Saturday, September 04, 2021

Elephants in the Fancy Room

—Poetry by Michael H. Brownstein, Jefferson City, MO
—Public Domain Photos Courtesy of Joseph Nolan, Stockton, CA

 

THE SET OF HER BODY

I look at the set of her body, the style of range, the linoleum on the patio, the robin’s nest in the eave of the front porch, the wino sipping whiskey out of a glass bottle in a paper bag on the front stoop. She is afraid to go outside until he leaves. I go outside and sit next to him.

Inside, the windows mirror self-satisfaction and overcast skies. Outside, the sky is true blue and the sun bright white. He offers me the bottle and I decline. He pulls a broken pair of sunglasses out of his pocket and puts them on. “I feel cooler now,” he says and takes another drink.

When I go back inside, she has put on her pretty dress and is standing in the room she has named MY FANCY ROOM. The room is empty space with the exception of a rich thick handmade rug on one wall and another on the hardwood floor. I look at the set of her body. I reach for her waist. “You are in need of a tune-up,” I whisper, and she nods, yes, handing me her arm. I begin to tighten her strings.

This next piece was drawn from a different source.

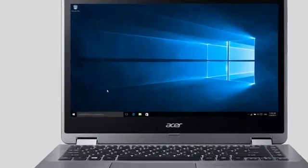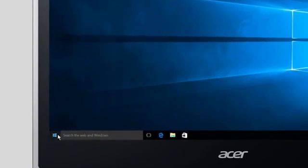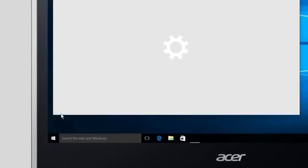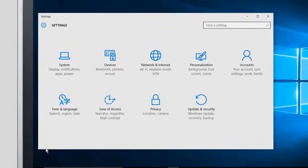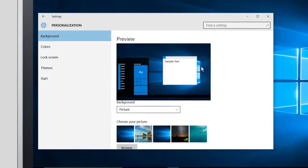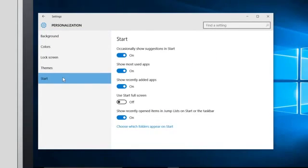To set the Start menu to full screen in Windows 10, open it, click Settings, and click Personalization. In the left column, click Start, and to the right, click the toggle under Use Start Full Screen.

Wouldn’t you know it is at that exact moment a car backfires down the street, a man shoots a stranger with a shotgun two blocks over, and suddenly there is the symphonic opera eclipse of sirens rushing to the just- now explosion in the industrial part of town.

I sit against the wall and look at the set of her body. This is too much to carry in my head. The set of her body…the design of her dress…the broken strings in my hand…

 

 


 

EVIL IS NOT PERSONIFIED

Evil is not personified—the masked painting—the human flesh of face behind a human depth of pain.
Explain it to me with numbers—the number blue—the knot on the hemp colored sixteen—a gash as red as seven and twelve.
Visualize it as if you were air—a stinginess in a lack of oxygen—the poison breath of monoxides—a layering of carbon bricks—the thick scent of mustard on sulfur.
Why is it you cannot understand any of this?—the spit in the eye—the lurch of the hand—the half-naked man ordering me to sic my dog on her, the one he loves holding his first-born three-month-old gently in her arms.

 

 


 

THE BIG PARTY

There was no elephant in the room,
only a pimple that just now sprouted
exactly one hour before the biggest party ever
and there it was in her mirror, big as her nose,
off to the right another face on her forehead,
so big she wanted to scream.
She thought to call a few of her friends,
but she knew they, too, were getting ready
and she thought to ask her mom for advice,
but in the end she pulled out her strategic makeup,
studied the combinations, cover-ups, colorings
and decided, no, she would wing it,
combed her hair the way she always wore it,
put on her favorite party blouse, her torn jeans,
and when she entered the party, everyone greeted her.
She danced with one boy, then another,
smiling and laughing, dancing and joking
and soon she realized she was the only one
who knew there was an elephant in the room.
No one asked about her pimple or even cared
and so the night went on and her elephant
shrunk and shrunk until it was invisible.

______________________

Today’s LittleNip:

SHORTS
—Michael H. Brownstein

Sometimes the sign of a short is obvious,
other times no—
my short is buried deep
within the folds of nerve ending,
not a broken wire within the wall,
maybe inside my socket.

______________________

—Medusa, thanking Michael Brownstein for his slight-of-hand in today’s fine prose poetry, bringing us images to surprise and delight . . .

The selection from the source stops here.